4.第1項に定める期間内に、発注者による検収の合否の連絡が受注者に到達しない場合には、納品物の検収が完了したものとみなす。

検収について注意すべき下請法

発注者および受注者の資本金の額によっては、検収手続きについて下請法が適用されることがあります。

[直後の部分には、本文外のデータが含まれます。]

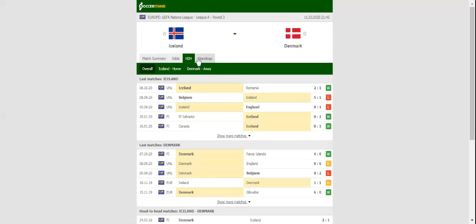Iceland aim to make amends for back-to-back defeats to England and Belgium, and no doubt they're going to leave their hearts on the field.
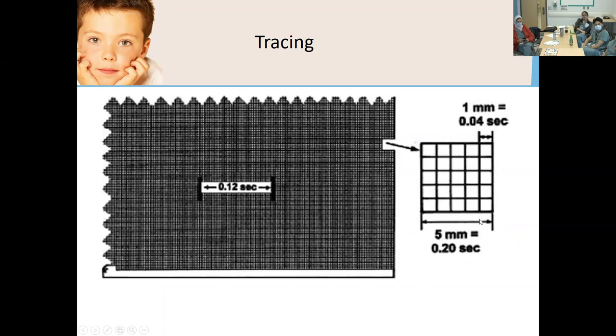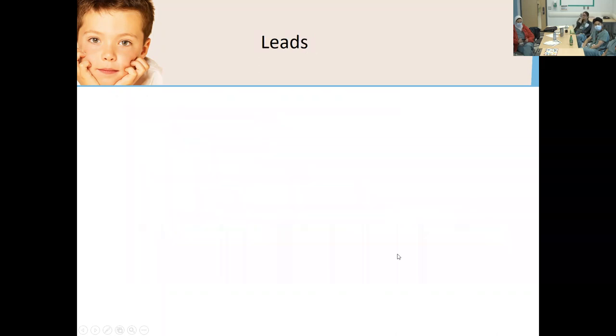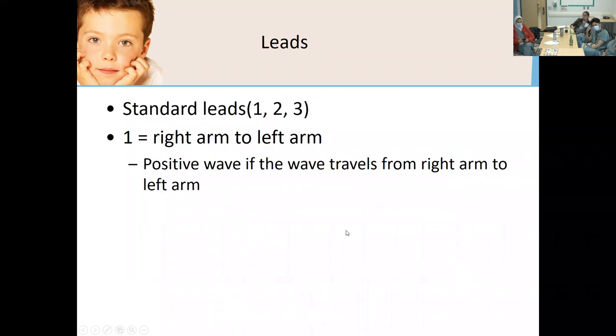To summarize the standard calibration: 0.04 seconds per small box, and five millimeters equals 0.2 seconds. You need to be aware of calibration because when voltages are very high — especially in hypertrophy or hypotrophy of a cardiac side — you may need to adjust calibration to fit all waves within the bandwidth of the paper.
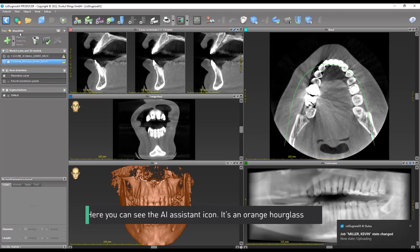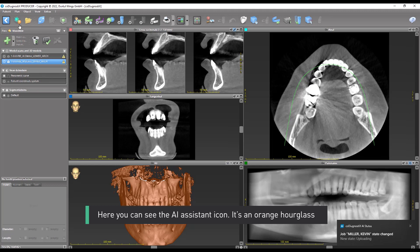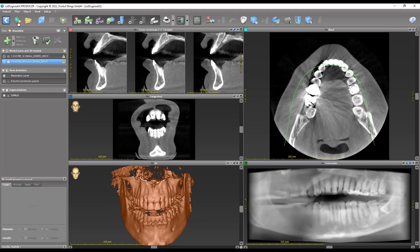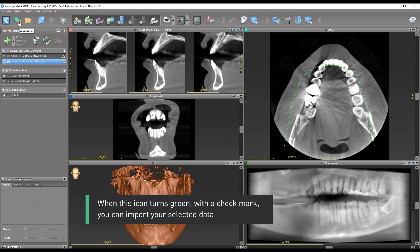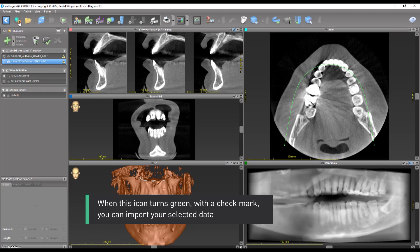Here you can see the AI assistant icon. It's an orange hourglass. When this icon turns green with a check mark, you can import your selected data.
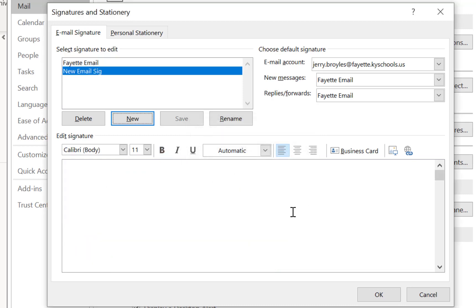And now it gives you a space right here where you can type in all the text that you want. So I'm going to type in my name, I'm going to type in my position.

下請法が適用される場合、理不尽な理由で検収不合格とすることは、発注者の下請法違反に当たる可能性があるので注意が必要です。

ムートン

下請法の詳細については、以下の記事を併せて参照ください。

下請法が適用される取引・事業者

下請法が適用されるのは、以下のいずれかに該当する取引であって、各当事者の資本金の額が対応する要件を満たすものです。

①以下の取引
・物品の製造委託
・修理委託
・情報成果物委託(プログラムの作成に限る)
・役務提供委託(運送、物品の倉庫における保管及び情報処理に限る)

<①の資本金要件>
親事業者が3億円超、かつ下請事業者が3億円以下(または個人事業者)
親事業者が1000万円超3億円以下、かつ下請事業者が1000万円以下(または個人事業者)

②以下の取引
・情報成果物委託(プログラムの作成を除く)
・役務提供委託(運送、物品の倉庫における保管および情報処理を除く)

<②の資本金要件>
親事業者が5000万円超、かつ下請事業者が5000万円以下(または個人事業者)
親事業者が1000万円超5000万円以下、かつ下請事業者が1000万円以下(または個人事業者)

検収時に注意すべき下請法のルール

下請法が適用される取引について、親事業者(発注者)は、検収手続きに関して以下のルールに注意ください。

受領拒否の禁止(同法4条1項1号)
受注者の責に帰すべき理由がないのに、納品物の受領を拒んではいけません。

下請代金の支払遅延の禁止(同項2号)
下請代金(報酬)は、納品日から60日以内に定めた支払期日までに、全額支払う必要があります。検収が完了していなくても、支払期日が到来すれば報酬を支払わなければなりません。

下請代金の減額の禁止(同項3号)
受注者の責に帰すべき理由がないのに、発注時に定めた下請代金(報酬)を減額してはいけません。理不尽な理由で検収不合格として、発注者の独断で報酬を減額すると、下請法違反に該当する可能性が高いです。

返品の禁止(同項4号)
受注者の責に帰すべき理由がないのに、納品物を受注者に返品してはいけません。理不尽な理由で検収不合格として納品物を返品すると、下請法違反に該当する可能性が高いです。

不当な給付内容の変更および不当なやり直しの禁止(同条2項4号)
受注者の責に帰すべき理由がないのに、納品前に納品内容を変更させ、または納品のやり直しをさせてはいけません。発注後に納品内容や検収基準を変えたり、理不尽な理由で検収不合格にしたりすると、下請法違反に該当する可能性が高いです。